_What to do_.
The whole listing should come back exactly as written, except for the pictures.

Start of Material provided

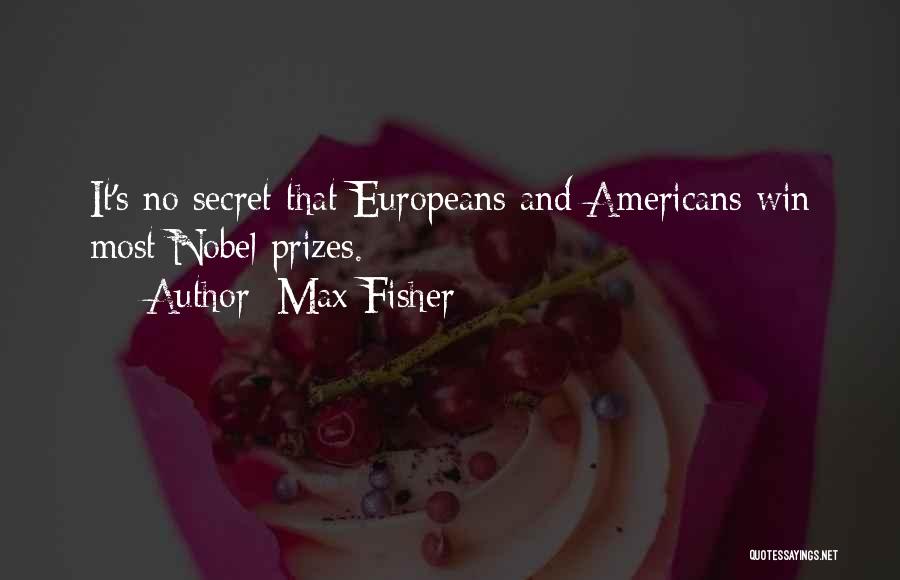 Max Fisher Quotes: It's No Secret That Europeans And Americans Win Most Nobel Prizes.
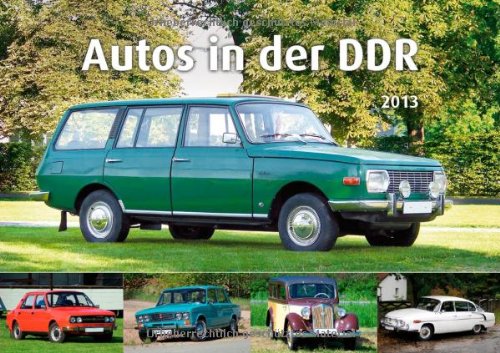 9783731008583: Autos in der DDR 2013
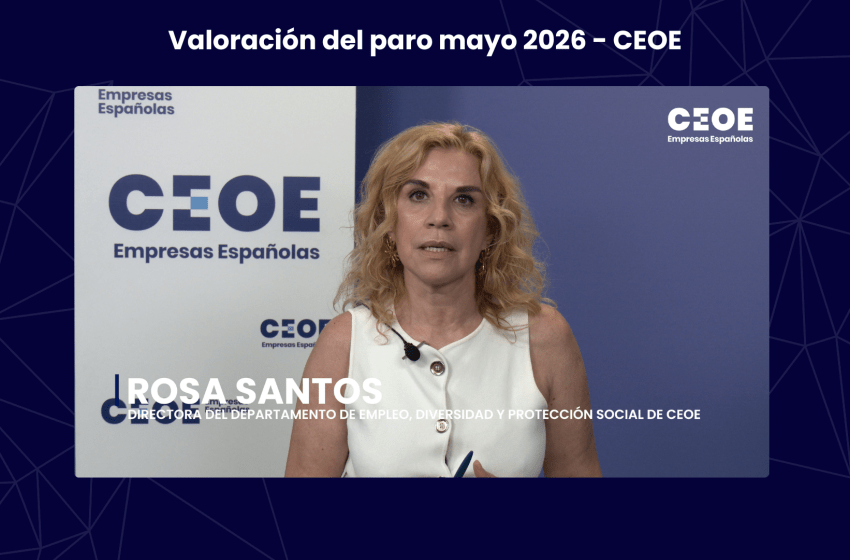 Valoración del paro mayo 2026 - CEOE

End of Material provided

_Task answer_.
 Max Fisher Quotes: It's No Secret That Europeans And Americans Win Most Nobel Prizes.
 9783731008583: Autos in der DDR 2013
 Valoración del paro mayo 2026 - CEOE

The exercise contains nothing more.